Clarissa Fairchild Cushman's novel was first published in Good Housekeeping (Feb--Jun 1941). The above credits were taken from a cutting continuity. Jane Russell was loaned to Hunt Stromberg by independent producer and businessman Howard Hughes. This was her first motion picture appearance since Hughes' film The Outlaw (for more information on that film See Entry). The film also marked the motion picture debut of Faith Domergue, another Hughes protegée. According to a 21 Feb 1945 HR news item, Ida Lupino started production in the title role, and William Dieterle directed for the first two weeks. On 19 Apr 1945, HR reported that filming was starting at General Service under Dieterle's direction. The extent of his contribution to the final film, if any, is undetermined. Marie McDonald and Spring Byington were also included in early cast lists, but they do not appear later on.

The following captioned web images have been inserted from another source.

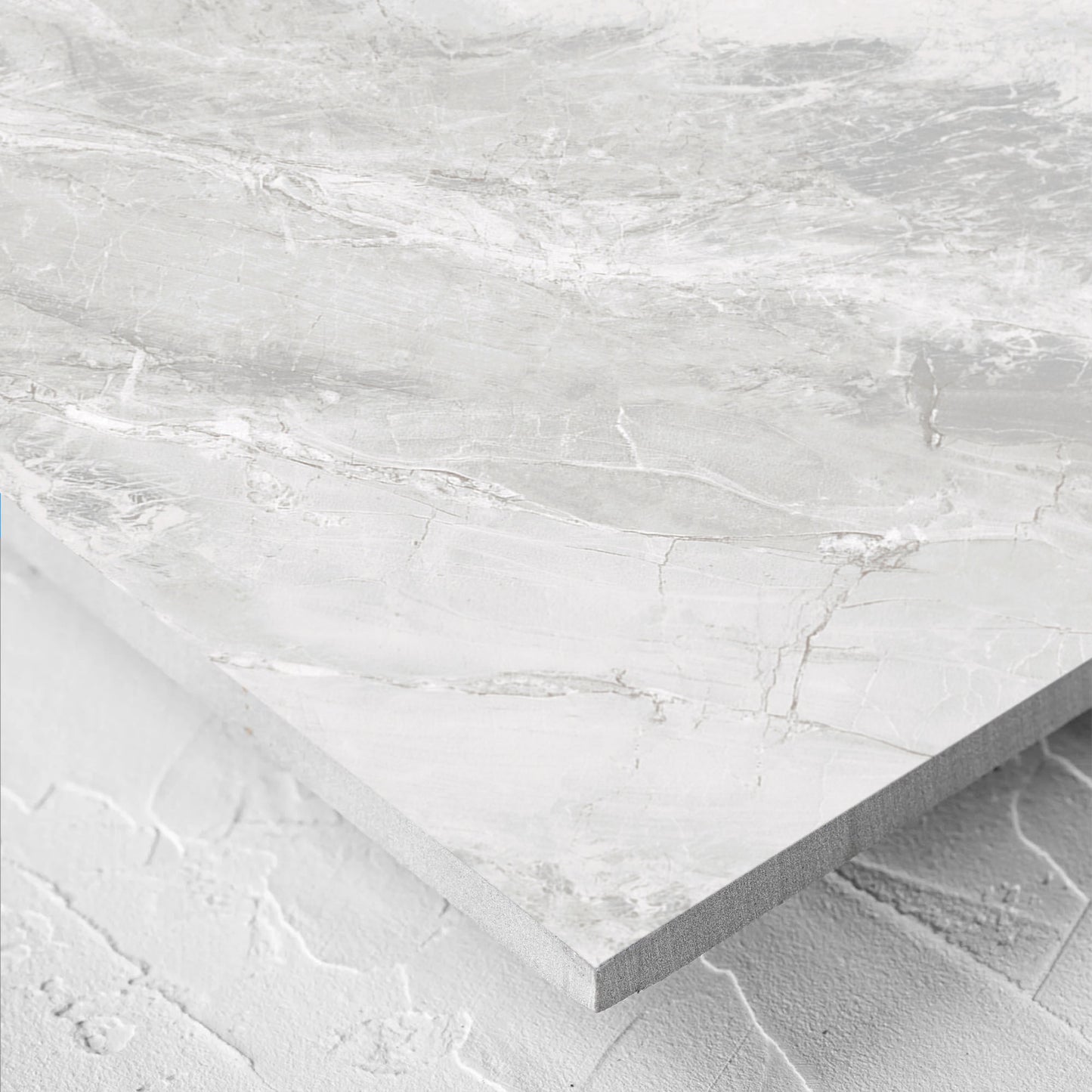 Legacy Silver Ash 600x1200mm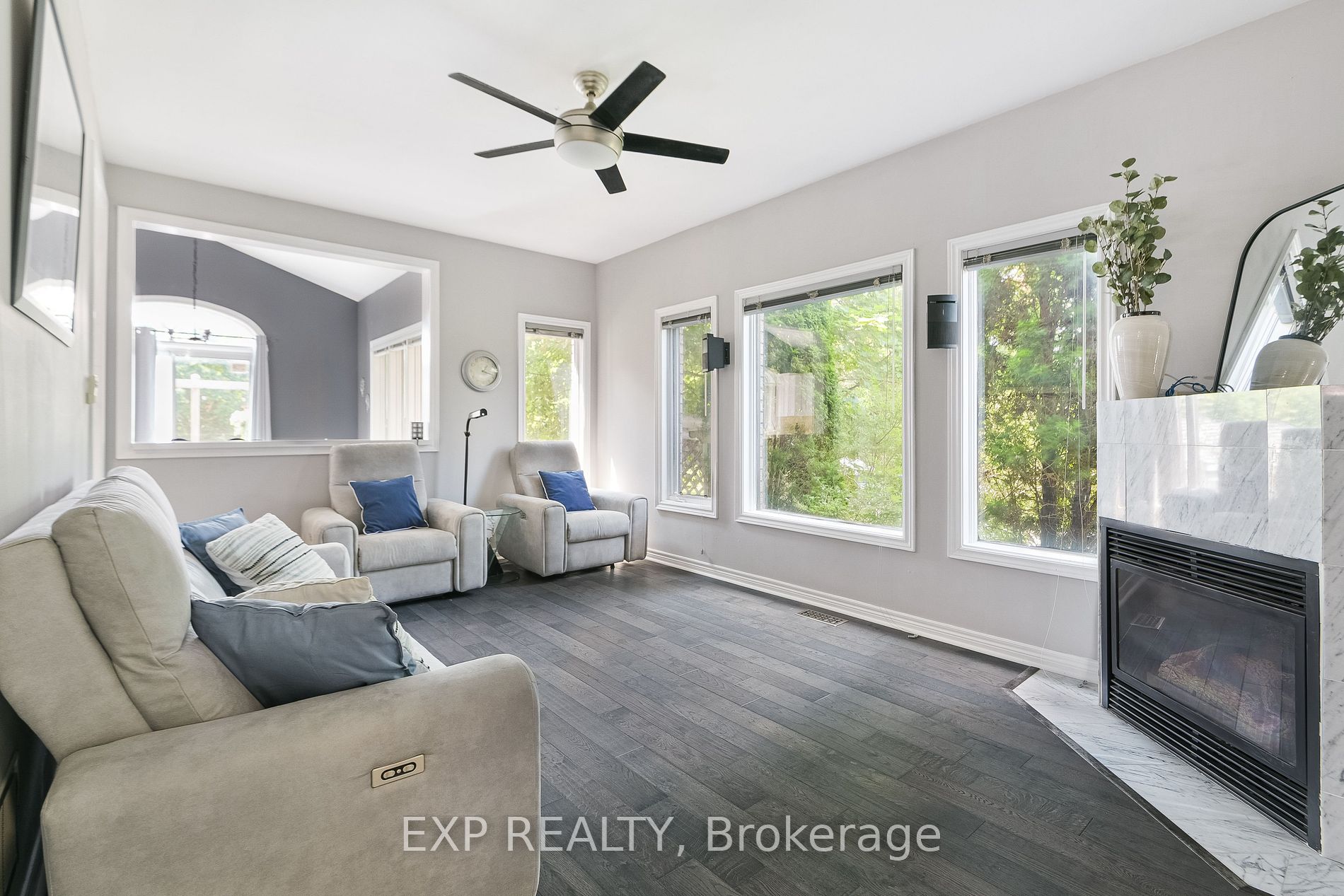 29 Batson Drive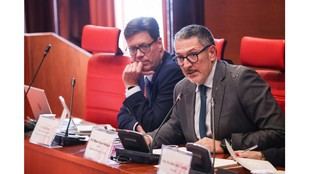 El nuevo pacto industrial destinará 5.000 millones para transformar la industria catalana hasta 2030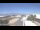 Webcam in Pahrump, Nevada, 43.7 mi away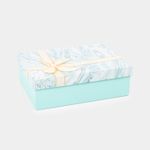 caja-de-regalo-de-6-6-x-23-x-17-cm-verde-tapa-tipo-marmol-con-mono-7701016784627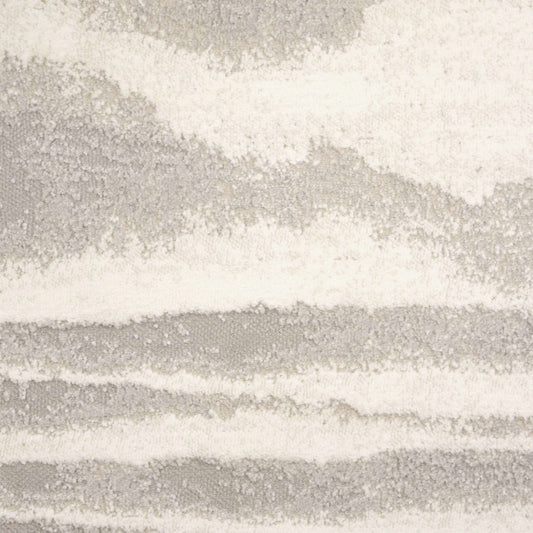 Illusionist - Vanishing Point in Pearl Carpet
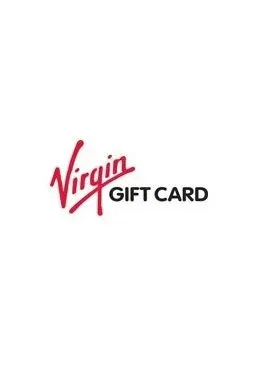 Virgin 40 GBP Gift Card (United Kingdom) gallery image 2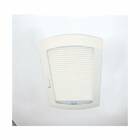 Miniature ATTENTION Produit imparfait | LANTERNEAU REMITOP VARIO II 900 X 600 A MANIVELLE - REMIS N° 3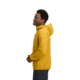 Black Diamond Alpine Start Hoody - Mens, Amber, Medium, AP7420152007MED1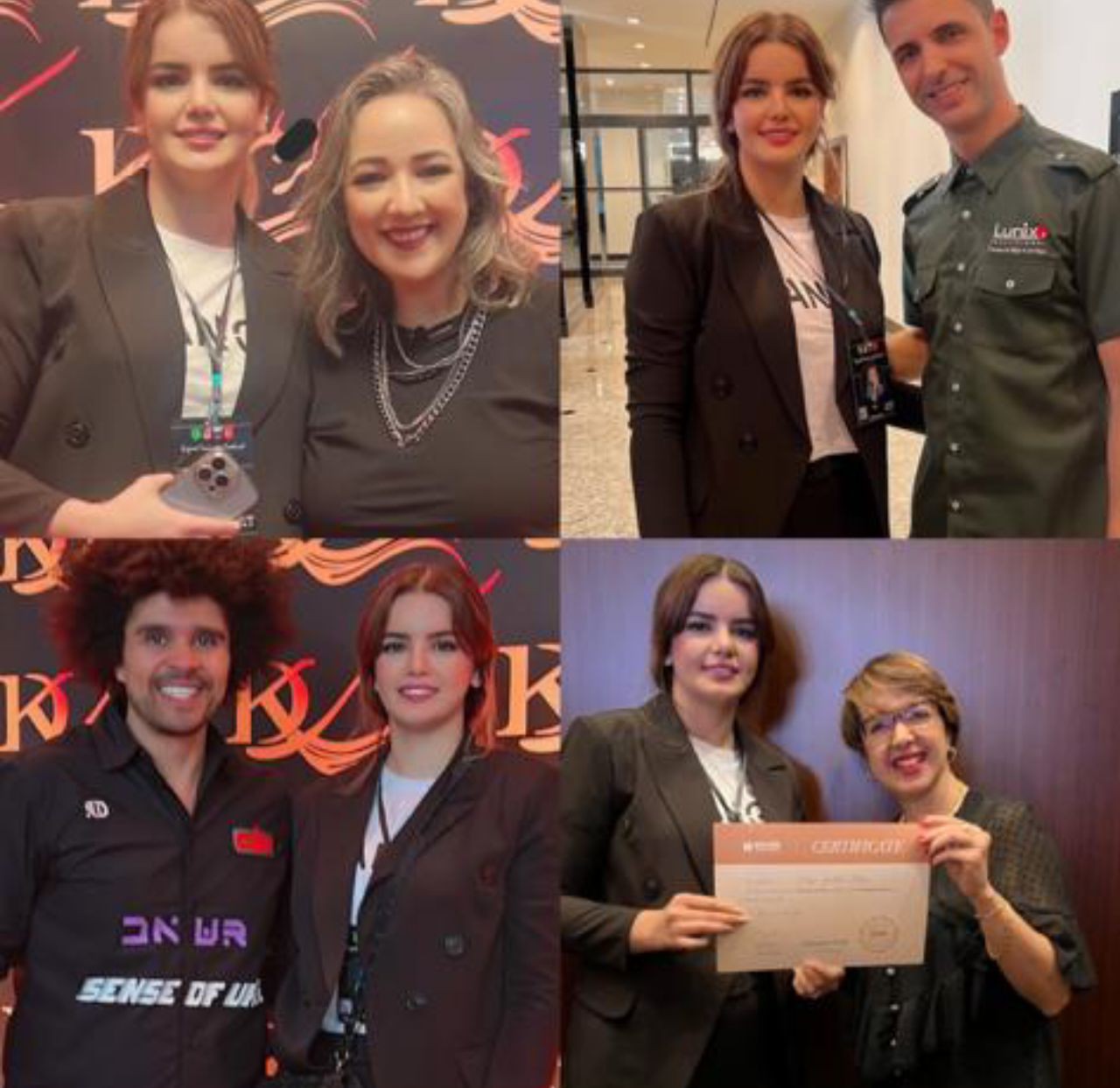 مرکز تخصصی کراتین و رنگمو مهناز و مونا در شهرقدس مرکز تخصصی کراتین و رنگمو مهناز و مونا در شهرقدس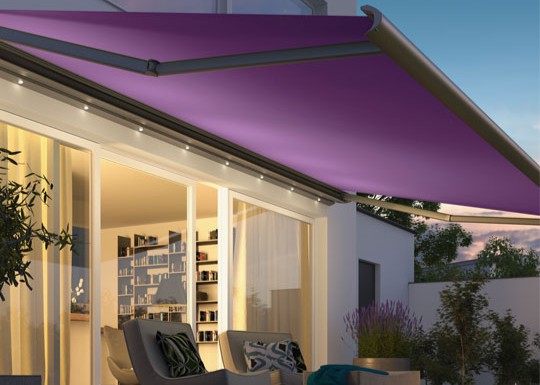 Awnings-from-Capricorn-Blinds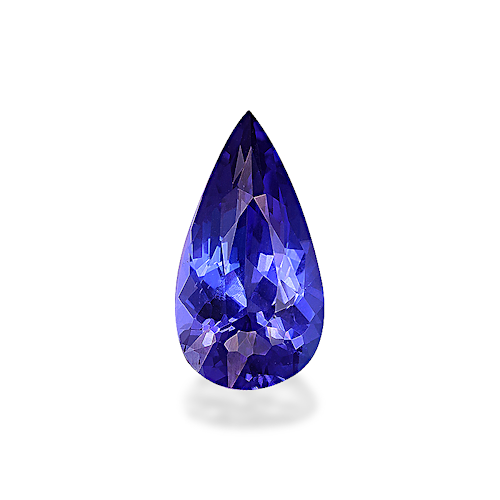 Product image-1 Product image-1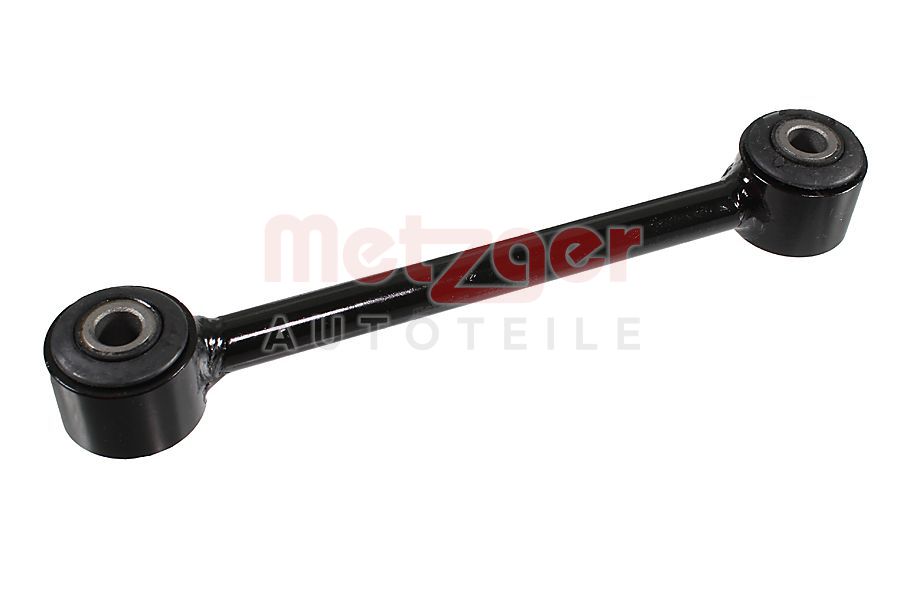 METZGER AUTOTEILE Otsavarras, stabilisaator 53083209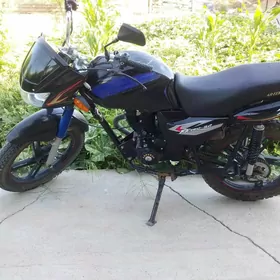 Fekon FK200-14G 2025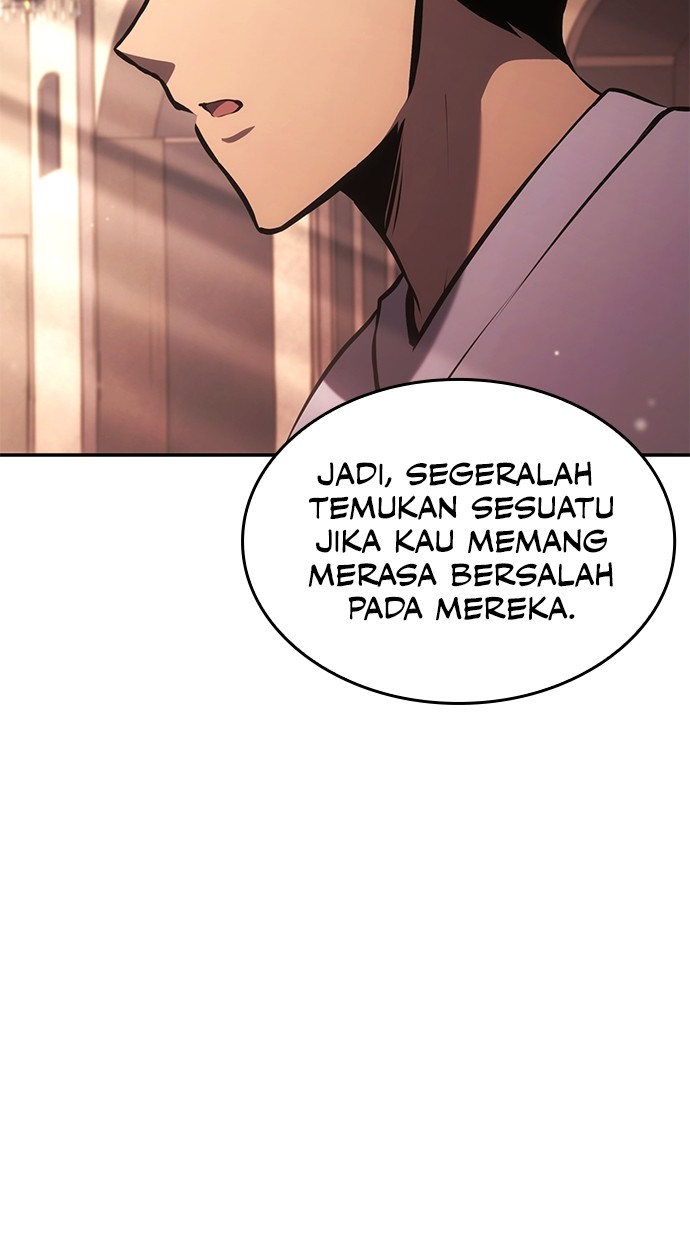 Assassin’s Creed Chapter 43 - halaman 46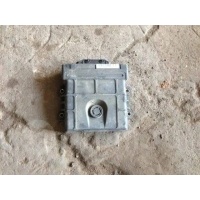блок управления акпп VW Golf V Plus 2005-2014 2006 09g927750em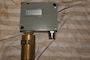 Trafag Pressure Switch 0-6 bar 920.2377.933 #1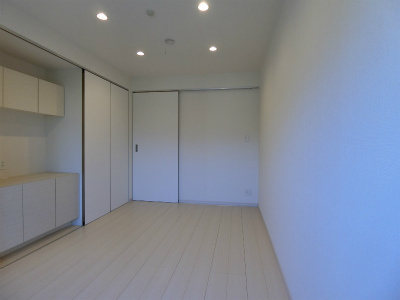 【その他】 | リブリ・白子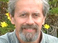 Richard Savary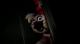 Steel Wool Games Five Nights at Freddys: Security Breach (PS4) 4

       A May 1945 article in NYT adds the following information about the production: Joan Fontaine was suspended from Stromberg's company when she refused to substitute for Lupino. Production on the film stopped for eight weeks for story revisions after Lupino left the film. Subsequently, Andre de Toth was assigned to direct. HR production charts add the following actors to the cast: Cordell Hickman, Gail Writte, Louise Beavers, Leigh Whipper, Gerald Mohr and Betty Newling. Their appearance in the released picture has not been confirmed, however. On 25 Nov 1952, HR reported that the film was being reissued under the title The Naughty Widow. ...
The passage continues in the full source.